WHAT IS NEEDED:
The pictures are to be left out, and all remaining data is to be transcribed exactly as it appears.

GIVEN MATERIAL:
________________________

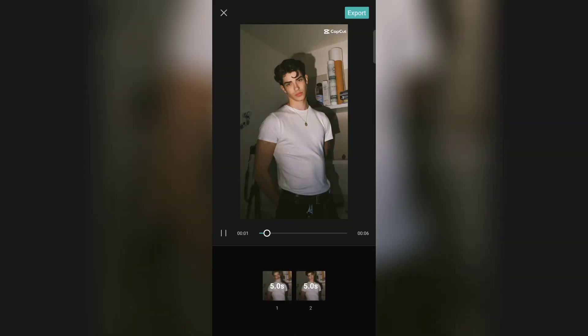First add the old look photo and then the real photo. Now check your video and then export.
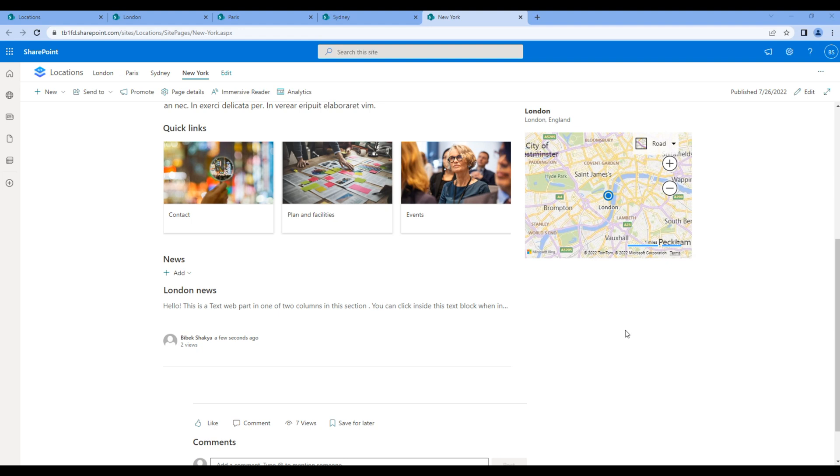This is wrong, it's just news based on location. So to resolve this issue, we have to filter news using page properties. First, go to site pages.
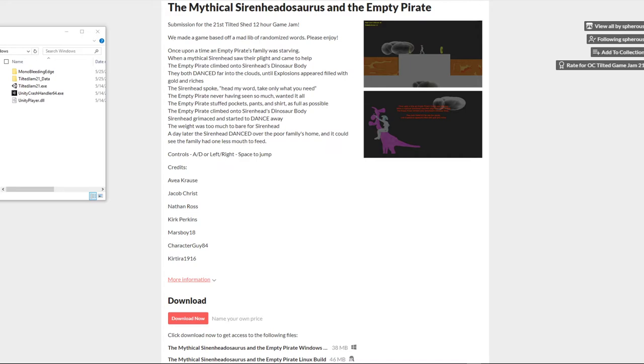Alright, these are my results from the Tilted Game Jam number 21, held virtually on Discord.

________________________

ANSWER SECTION:
First add the old look photo and then the real photo. Now check your video and then export.
This is wrong, it's just news based on location. So to resolve this issue, we have to filter news using page properties. First, go to site pages.
Alright, these are my results from the Tilted Game Jam number 21, held virtually on Discord.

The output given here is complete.